Because of its resilience, most significantly heat- and disease-tolerance, and genetic uniqueness, Liberica is increasingly interesting to specialty coffee producers, especially in a changing climate. And while harvest and processing are more labor-intensive thanks to the height and big fruit, its unusual cup profile has earned it a small but devoted following.
Excelsa
Considered the fourth and final type of coffee bean, Excelsa coffee, often labeled Coffea excelsa, but more precisely classified as Coffea liberica var. Dewevrei, is something of a hidden gem in the coffee world. It was first discovered in Central Africa, around Lake Chad, in the early 1900s. For a long time, botanists considered it a distinct species, but in 2006, it was reclassified as a variety of Liberica.
The trees of the Excelsa plants are also tall, though not quite as tall as pure Liberica trees. They thrive in warm, tropical climates and are remarkably resilient. Their resistance to pests, drought, and diseases makes them an ideal choice for regions where coffee growth is more challenging. Today, Excelsa is mostly grown in Southeast Asia, primarily Vietnam, the Philippines, and Indonesia, as well as parts of India, though there are some wild populations that remain in Africa.
What makes Excelsa particularly interesting is its flavor.

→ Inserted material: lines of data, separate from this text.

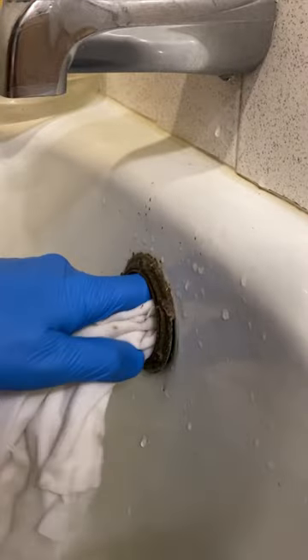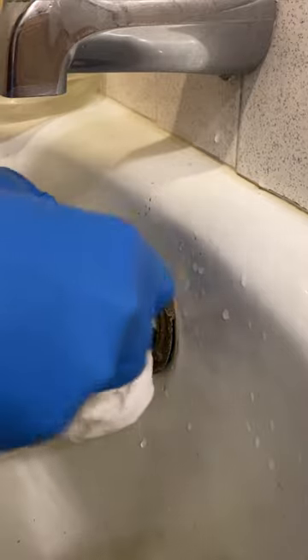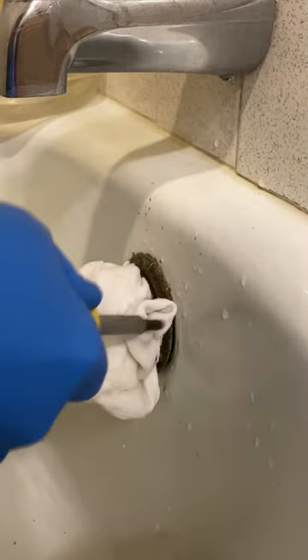After the overflow cover is removed, you are going to get a wet rag and you are going to stuff it in there as deep and as tight as you possibly can. You could also technically use a piece of duct tape to cover this up.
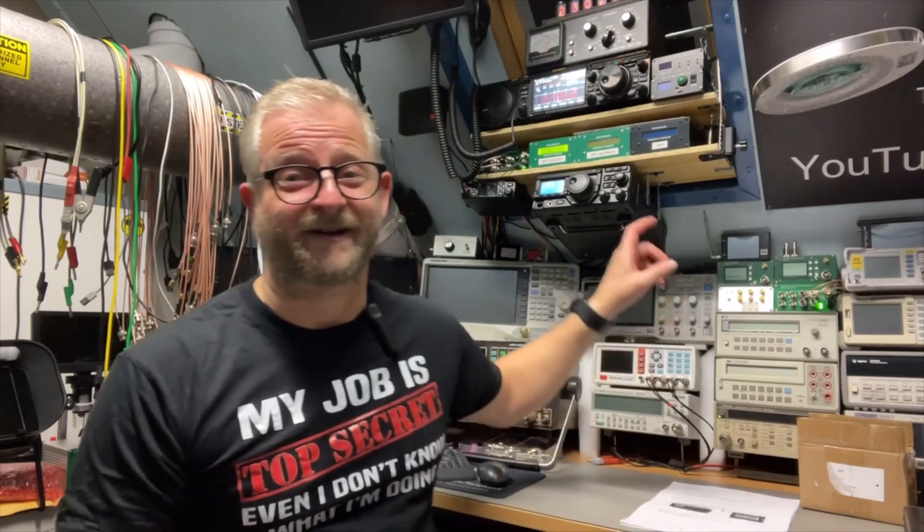Hello and welcome back. Today I'm going to play a little bit with the external CAT displays. The CAT is an interface usually on the back of the transceiver and you connect it to the computer or another external device, but the displays of these older transceivers are kind of small.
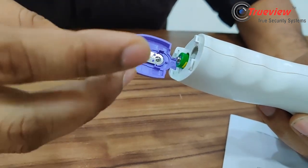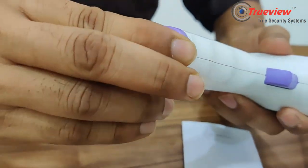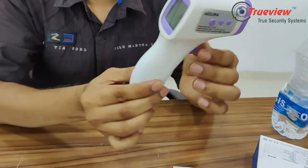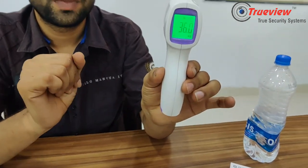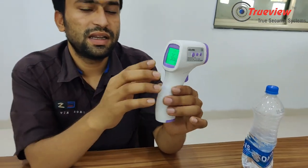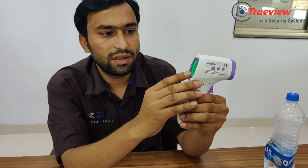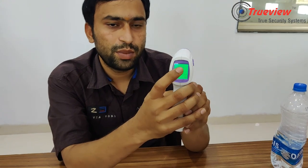Then you have to press the button. After pressing, the screen will start up. Now you can see here is the person symbol and degree Celsius, showing how many degrees Celsius has been measured.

It sits somewhere between a light and dark roast, bringing a tarty, fruity acidity with floral, woody, and even spiced notes. You may also notice smoky or wine‑like undertones and a syrupy body that gives it richness without feeling overly heavy. It also has a relatively low caffeine content, certainly lower than Robusta's and even lower than Arabica's. Thanks to its resilience and unique taste, Excelsa has started to gain attention in the specialty coffee world as a climate-resilient alternative. While it remains rare, making up only a small fraction of global production, its complexity makes it extremely valuable in blends or as a specialty single-origin bean.